As Dennett knows full well, the biggest challenge for anyone who wants to put religion under the microscope is figuring out what goes on the slide. What is religion, anyway? How can you tell it apart from ideology or philosophy? How do you distinguish religion­s, with their quirks and presuppositions, from nationalities or professions, with their quirks and presuppositions? How is being Catholic different from being American, or being a human rights worker?
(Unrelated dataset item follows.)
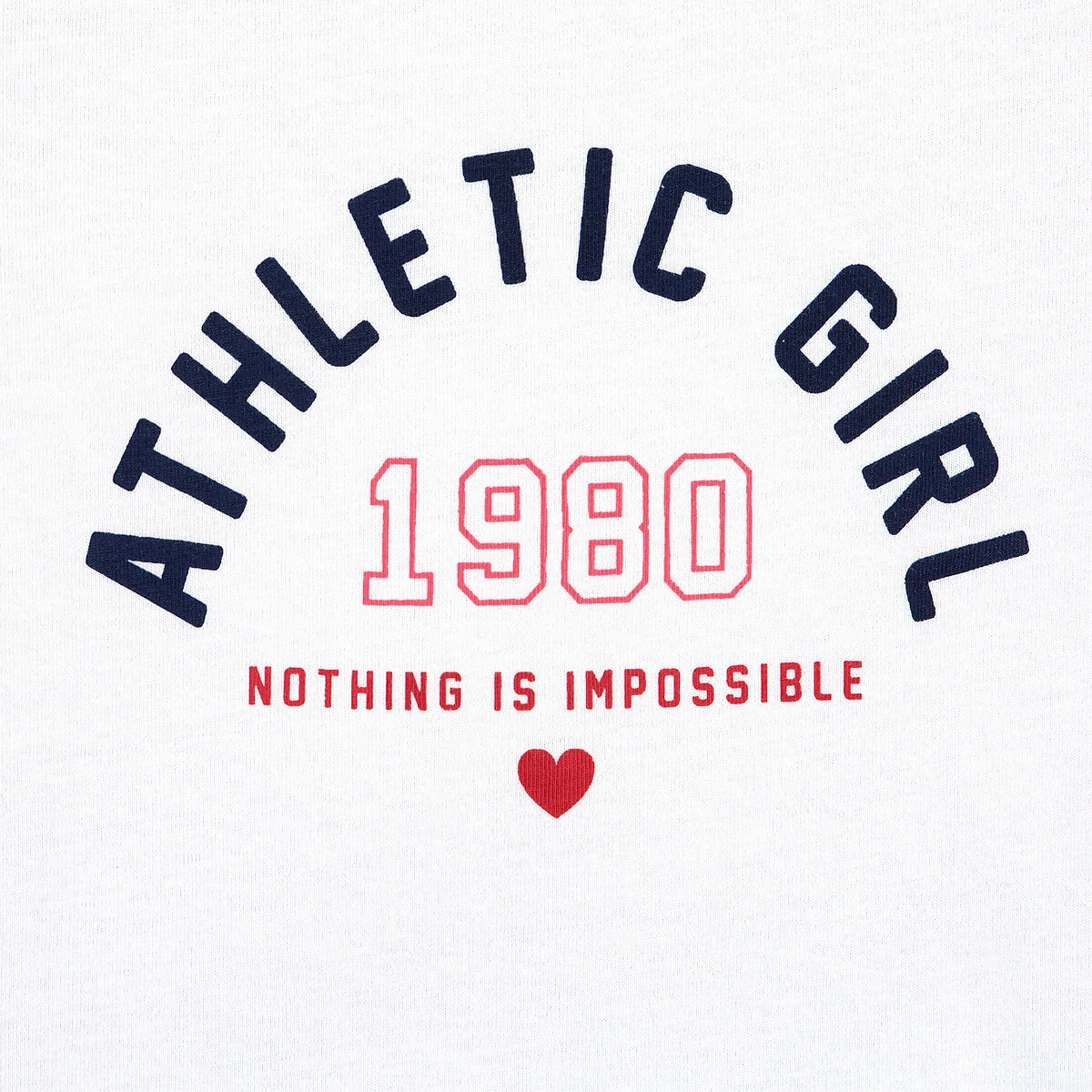 T-shirt Col Rond à Message Athletic Girl 4 T-shirt Col Rond à Message Athletic Girl – Image 4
These may seem like small quibbles, but they have big consequences. We’d be foolish to single out religion for evolutionary investigation if there is nothing about it that is unique. If religions are just cultures, if religious rituals are functionally indistinguishable from other irrational habits, if a religious idea, or meme, Dennett calls it, is just one more way of interpreting the world, then we ought to be asking much broader questions, such as, why do humans have a penchant for peculiar rituals? Trying to explain religion through evolutionary theory would be as frivolous as trying to understand skateboarding by means of physics.
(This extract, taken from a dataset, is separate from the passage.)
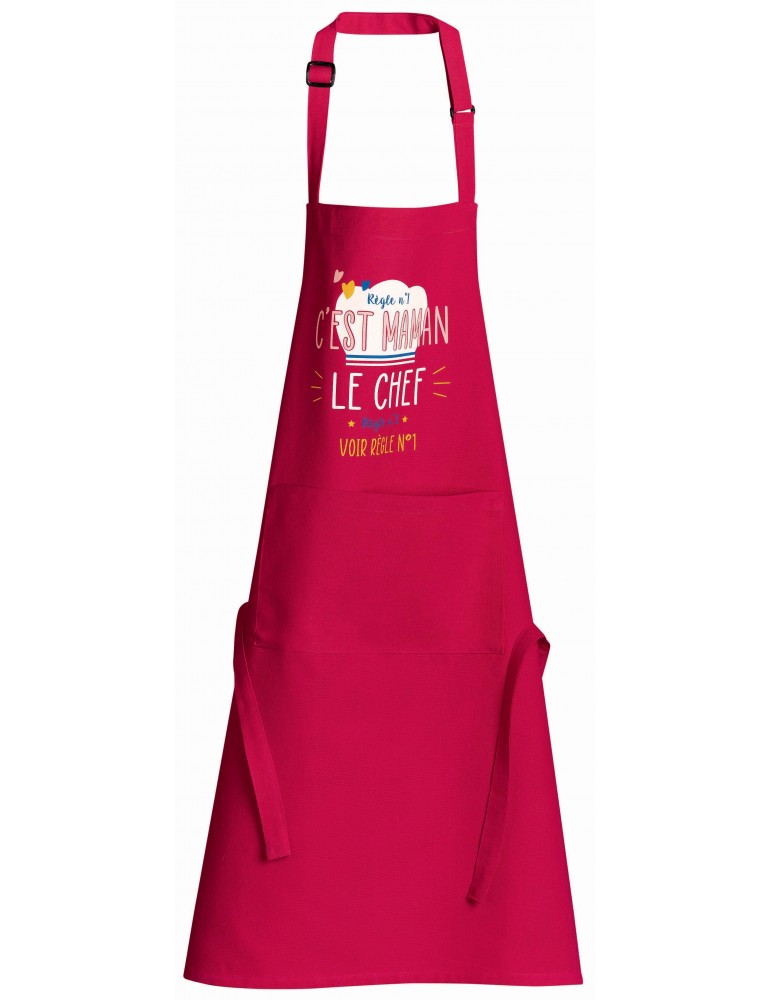 Tablier de cuisine Chef maman recyclé Rose 72 x 90 4674135000Winkler Tablier de cuisine Chef maman recyclé Rose 72 x 90 4674135000Winkler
Dennett’s definition of religion, however, swats away all such complications with a satisfyingly commonsensical solution. Religions, he says, are “social systems whose participants avow belief in a supernatural agent or agents whose approval is to be sought.” Only one part of this statement is actually meaningful. All discernable cultural groups are social systems, and all coherent social systems evince some system of authority—their participants seek approval from somebody or other. What sets religion apart, then, is that its participants avow belief in a supernatural agent or agents. In other words, they aver belief in a God or gods.

Saying that the religious express belief in a deity certainly seems like the obvious way to describe them. But Dennett’s definition should give pause to anybody who has ever gone to church or synagogue without being sure why. How does Dennett account for all the people who practice religion without ascertaining whether or not they believe in God?

Dennett has foreseen the objection, which is why he makes “avow” the chief verb in his definition. People don’t have to believe what they’re saying when they utter prayers in order to be classified as religious. They just have to say the words. But Dennett can’t rely on this trick alone, because if everybody avowed belief without meaning it, we’d be back where we started. Religion would be made up of no more than the usual inexplicable cultural activities, like declaiming poetry or shunning dog meat.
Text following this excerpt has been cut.